Looking forward to hearing from you guys!
Thanks

Welcome to our community!

As it is mentioned in the question of the 1st link you posted, it's just a result of numeric precision of R. I didn't know about the Rmpfr package, but it seems very useful. What are the problems you're facing using it?

It'll be better to express these problems in form of a reproducible example. In case you don't know how to make one, here's a great post:

Just out of curiosity, why is the dimension 9137\times2? You've 9137 observations I guess, but why 2, and not 1?

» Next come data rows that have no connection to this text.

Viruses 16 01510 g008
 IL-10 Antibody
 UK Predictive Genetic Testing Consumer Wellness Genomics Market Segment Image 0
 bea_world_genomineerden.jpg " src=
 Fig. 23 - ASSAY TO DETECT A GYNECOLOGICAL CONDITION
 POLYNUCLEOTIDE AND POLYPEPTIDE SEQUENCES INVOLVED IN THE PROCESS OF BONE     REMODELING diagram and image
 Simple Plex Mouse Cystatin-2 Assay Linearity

This is a general issue, not really R specific. Usually, you solve it by applying logarithm, summing the results, and then converting the final result back. Is it possible to do something like this in your case?

2 Likes

Hi, just the stupid comment of the day, focused also to others that could say why is not good/worth etc...

What about splitting the numbers to characters, split them by character, row bind onto a matrix, do cumsum by column and collate back onto a very long string? It would be a huge matrix to work with, but no accumulation of rounding errors due to R.. no?
Also, each cumsum should be made a string, and split, to send the bigger numbers than 9 to the next column

Simply put, I use the function mpfr() to define the precision of my initial matrix with no luck. Even if I put 200 digits this does not affect my final result whatsoever.

To answer your question, I need the second column for later operations. So in principle, this could a vector per se. It's just handy to have it stored in a matrix.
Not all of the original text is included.